Task item
Everything below from the line with "Passover Begins Matthew" through the line with "巨蟹座和雙子座性格一樣嗎女-第1張-星座運勢-玄機(jī)派" should be copied exactly, and nothing else; leave out the pictures.

Dataset content
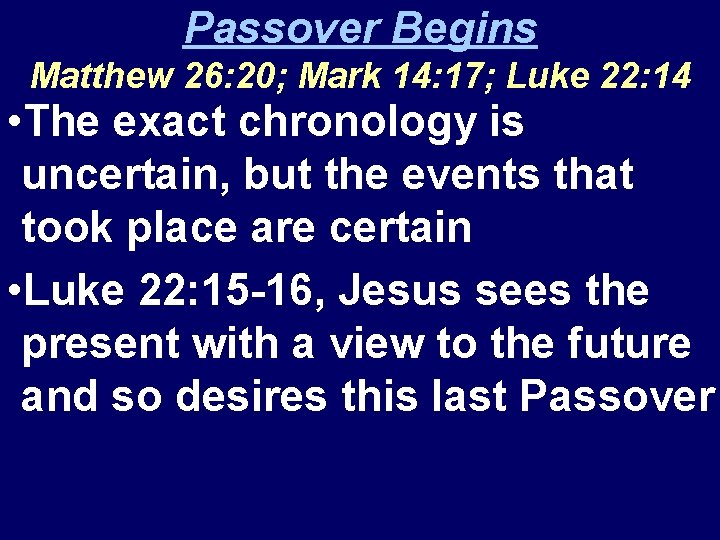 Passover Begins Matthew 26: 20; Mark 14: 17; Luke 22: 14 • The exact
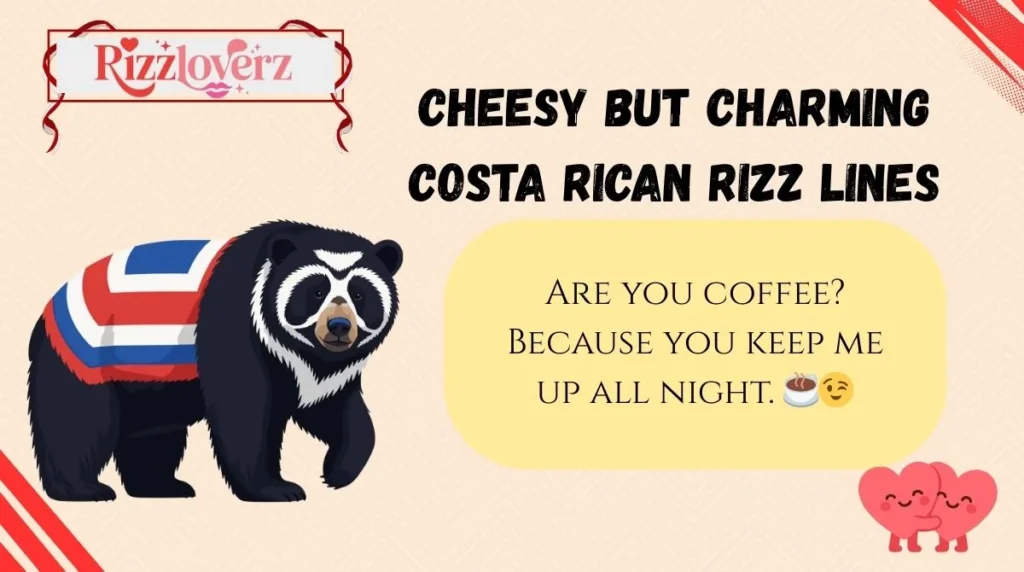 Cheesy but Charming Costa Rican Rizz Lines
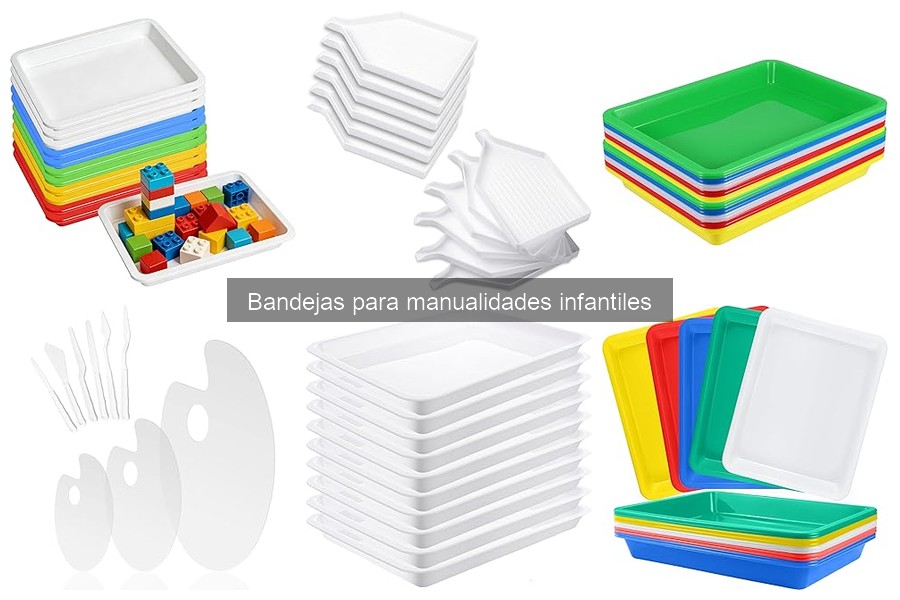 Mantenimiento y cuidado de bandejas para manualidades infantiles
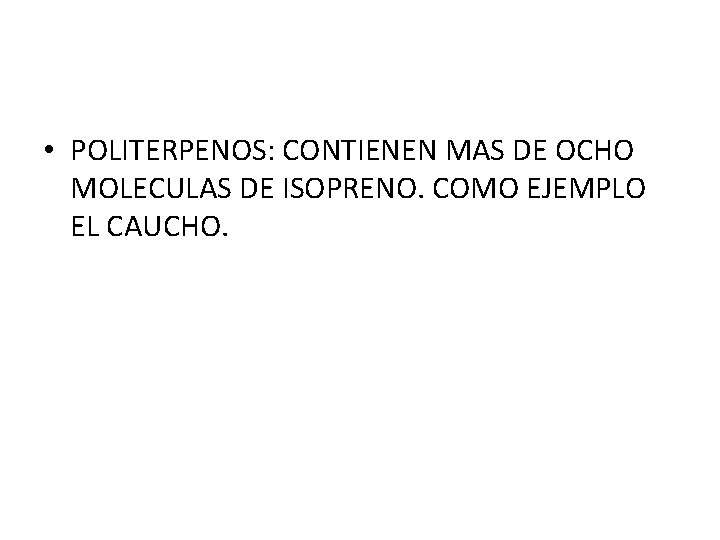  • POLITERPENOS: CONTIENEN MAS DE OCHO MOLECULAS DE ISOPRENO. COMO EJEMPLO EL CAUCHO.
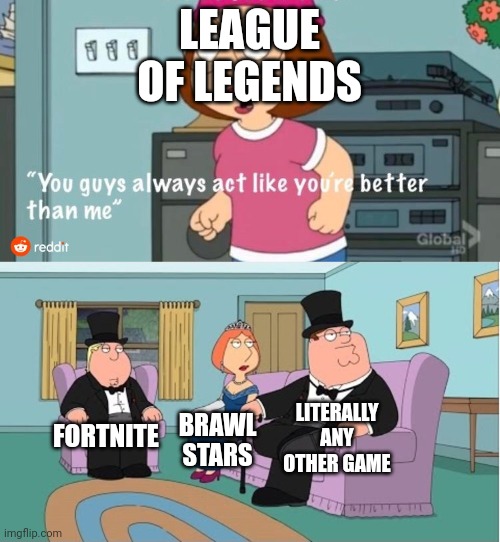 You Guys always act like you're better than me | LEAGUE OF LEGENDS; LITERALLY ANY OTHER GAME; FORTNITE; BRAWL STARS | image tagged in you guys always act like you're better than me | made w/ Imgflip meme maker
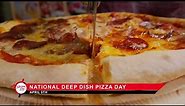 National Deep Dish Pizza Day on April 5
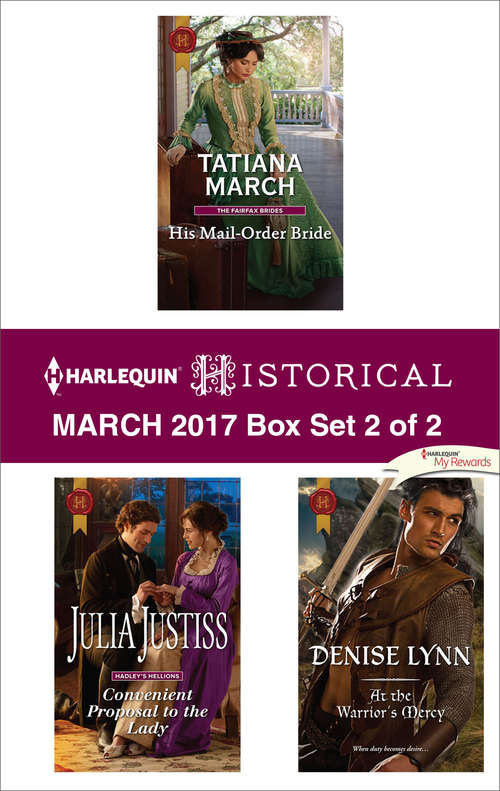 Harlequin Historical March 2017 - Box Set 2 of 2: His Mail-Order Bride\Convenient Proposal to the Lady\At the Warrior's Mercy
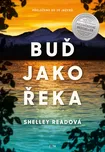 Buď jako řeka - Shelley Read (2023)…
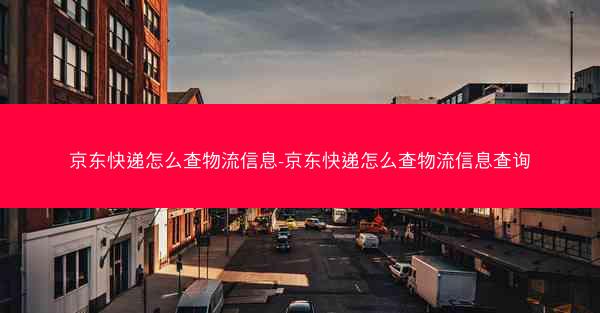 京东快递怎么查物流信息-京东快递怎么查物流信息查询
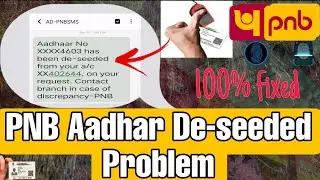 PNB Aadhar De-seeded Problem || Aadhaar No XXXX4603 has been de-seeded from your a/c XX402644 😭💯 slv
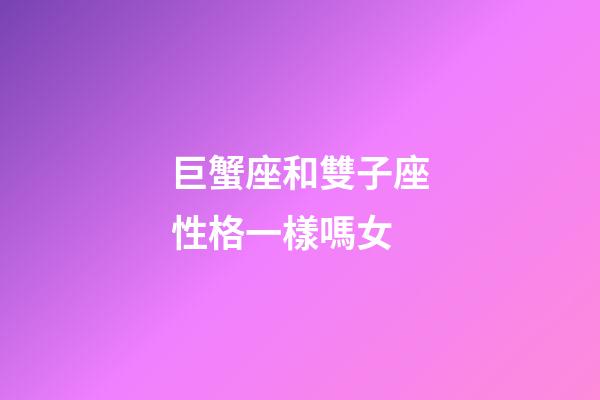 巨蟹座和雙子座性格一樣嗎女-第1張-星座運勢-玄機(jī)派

* * *

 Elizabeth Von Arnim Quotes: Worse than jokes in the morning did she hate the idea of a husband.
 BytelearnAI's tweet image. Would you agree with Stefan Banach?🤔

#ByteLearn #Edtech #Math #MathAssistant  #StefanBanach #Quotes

Expected answer
 Passover Begins Matthew 26: 20; Mark 14: 17; Luke 22: 14 • The exact
 Cheesy but Charming Costa Rican Rizz Lines
 Mantenimiento y cuidado de bandejas para manualidades infantiles
  • POLITERPENOS: CONTIENEN MAS DE OCHO MOLECULAS DE ISOPRENO. COMO EJEMPLO EL CAUCHO.
 You Guys always act like you're better than me | LEAGUE OF LEGENDS; LITERALLY ANY OTHER GAME; FORTNITE; BRAWL STARS | image tagged in you guys always act like you're better than me | made w/ Imgflip meme maker
 National Deep Dish Pizza Day on April 5
 Harlequin Historical March 2017 - Box Set 2 of 2: His Mail-Order Bride\Convenient Proposal to the Lady\At the Warrior's Mercy
 Buď jako řeka - Shelley Read (2023)…
 京东快递怎么查物流信息-京东快递怎么查物流信息查询
 PNB Aadhar De-seeded Problem || Aadhaar No XXXX4603 has been de-seeded from your a/c XX402644 😭💯 slv
 巨蟹座和雙子座性格一樣嗎女-第1張-星座運勢-玄機(jī)派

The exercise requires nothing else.